Demikian juga disunatkan memilih wanita yang subur dan sangat cinta, Rasulullah  shallallahu 'alaihi wa sallam bersabda:
تَزَوَّجُوا اَلْوَدُودَ اَلْوَلُودَ . فَإِنِّي مُكَاثِرٌ بِكُمُ الْأُمَمَ
“Nikahilah wanita yang sangat cinta dan subur, karena aku akan berbangga-bangga di dengan banyaknya di hadapan umat-umat yang lain.” (HR. Abu Dawud dan Nasa'i, dan dishahihkan oleh Al Albani)
Cara mengetahui kesuburannya bisa dengan melihat saudari-saudarinya atau kerabatnya.

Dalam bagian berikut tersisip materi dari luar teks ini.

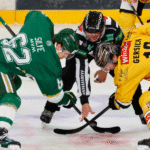 Ferencváros tar hemmaseger mot Vienna Capitals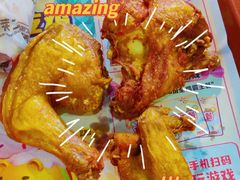 -华莱士·全鸡汉堡(杭州武林店)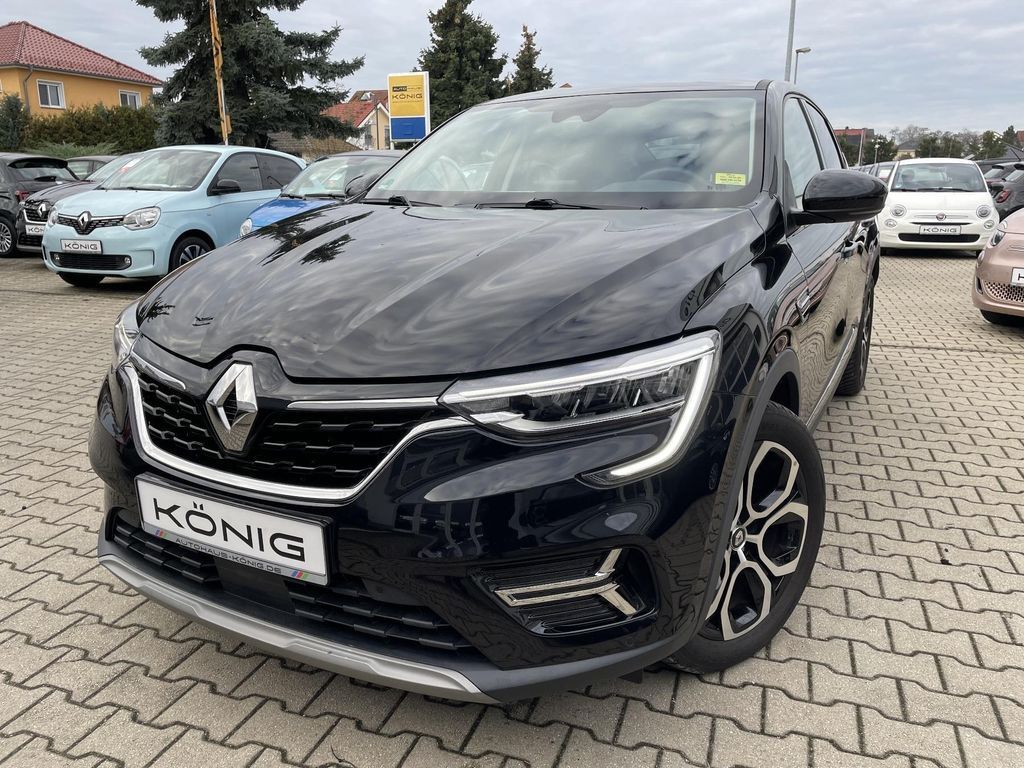 Renault Arkana TECHNO TCe 140 EDC Carplay Klima PDC Leasing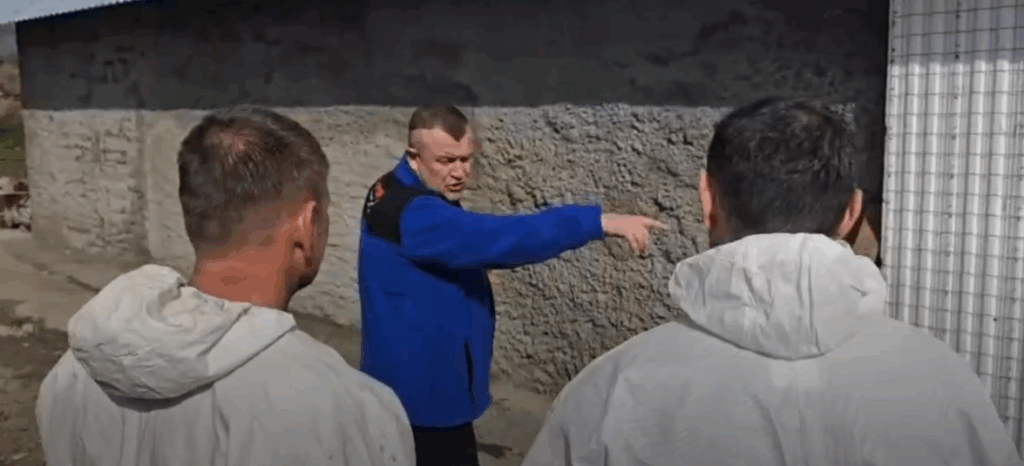 Обучение будущих специалистов по СКИП-технологии на строительном полигоне ПК “Гранд” (Краснодар).  📷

Dan disunatkan pula mencari wanita yang cantik agar lebih menundukkan pandangannya, menenangkan jiwanya, dan membuat dirinya lebih cinta. Oleh karenanya, Rasulullah shallallahu 'alaihi wa sallam menyuruh laki-laki yang hendak menikah agar melihat wanita yang hendak ia nikahi. 
Wallahu a'lam, wa shallallahu 'alaa nabiyyinaa Muhammad wa 'alaa aalihi wa shahbihi wa sallam.
Marwan bin Musa
Maraji': Fiqhus Sunnah (S. Sabiq), Al Waziz (Abdul 'Azhim bin Badawi), Al Fiqhul Muyassar (Beberapa ulama), Al Mulakhkhash Al Fiqhiy (Shalih Al Fauzan), Minhajul Muslim (Abu Bakr Al Jaza'iriy), dll.


[1] Riwayat ini adalah dha’if jiddan (sangat dha’if).
[2] Insya Allah akan dijelaskan nanti.